In cases where bullying occurs, educators should intervene immediately and respond “quickly and consistently,” according to the letter signed by Musgrove and Michael Yudin, acting assistant secretary for the Office of Special Education and Rehabilitative Services.
Additionally, a meeting of the student’s individualized education program team should be called to address any changes in a student’s services or program that might be needed as a result of bullying, officials said. However, the letter indicates that any student who experiences bullying should remain in his or her original placement unless they are no longer able to receive FAPE in that environment.
Musgrove said that the move to issue guidance is part of the Department of Education’s ongoing effort to address bullying within the nation’s schools. While the letter does not detail any new legal obligations, federal officials are encouraging schools to re-evaluate their policies and practices.
Several studies in recent years have suggested that children with disabilities more frequently encounter bullying. Findings released in 2012 from a nationwide poll indicated that 63 percent of kids with autism have been bullied.
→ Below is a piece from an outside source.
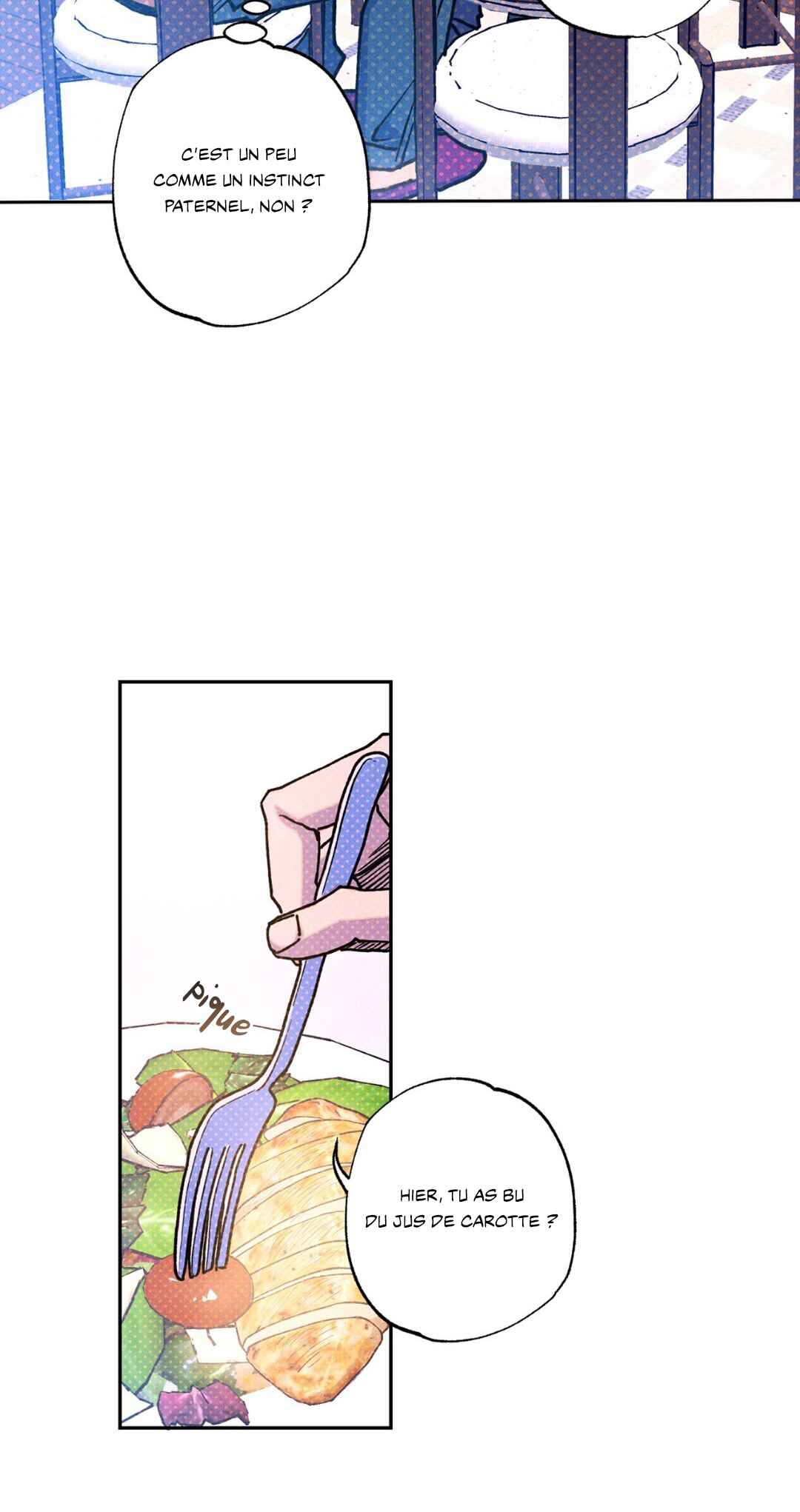 Semantic Error Chapter 94 - Page 45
Another study published the same year found that about half of adolescents with autism, intellectual disability, speech impairments and learning disabilities were bullied at school.
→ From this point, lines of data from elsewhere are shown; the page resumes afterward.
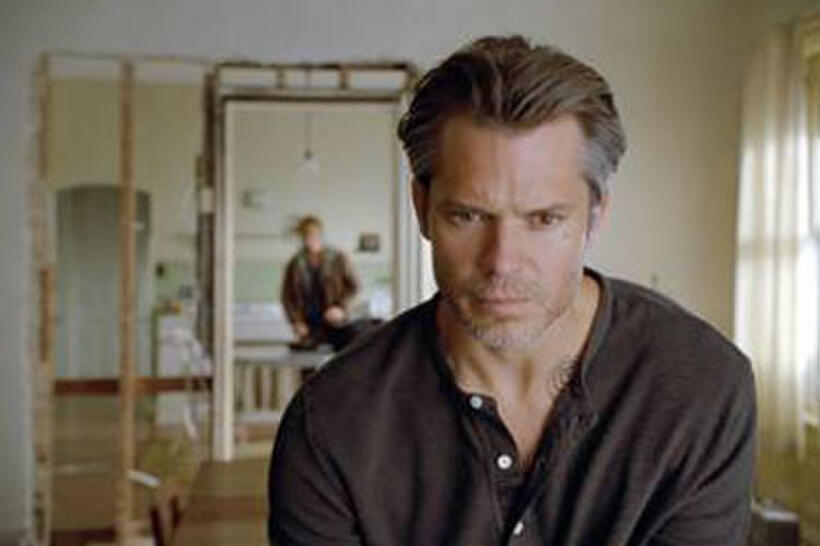 Timothy Olyphant as Henri in "I Am Number Four: The IMAX Experience ."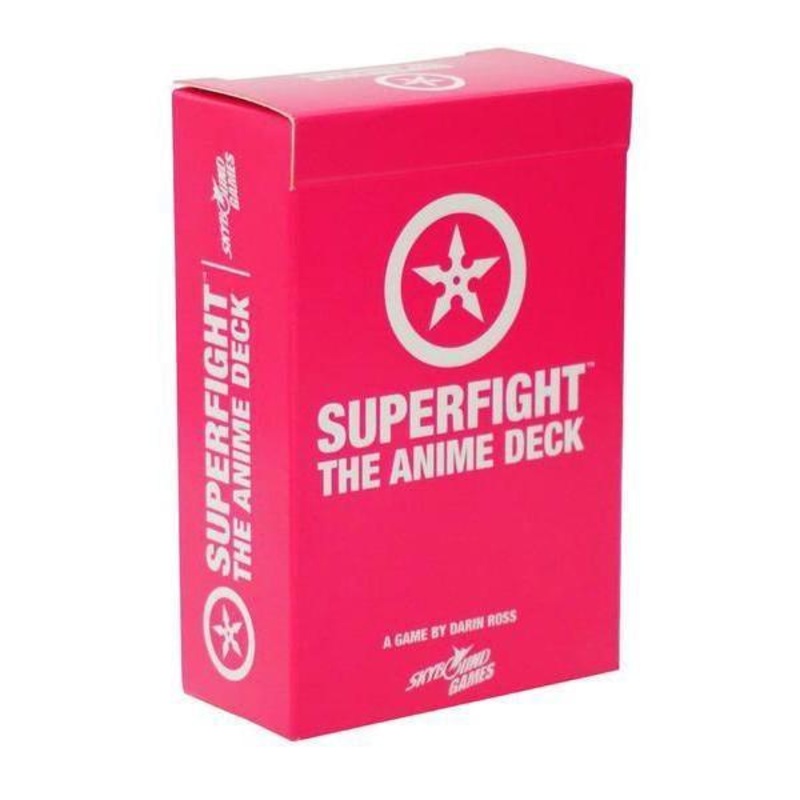 Superfight: Anime Deck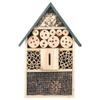 Furniture Home Accessory Insect Hotel 31 x 10 x 48 cm Firwood-Furniture view 2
Ari Ne’eman, president of the Autistic Self Advocacy Network, called the Education Department’s move a “significant step forward.”
“Right now, many autistic students experiencing bullying are sent to segregated settings,” Ne’eman said. “We believe this clarification of obligations emerging under IDEA’s (least restrictive environment) provision may have a significant impact on the inclusion of autistic students as well as those with other disabilities.”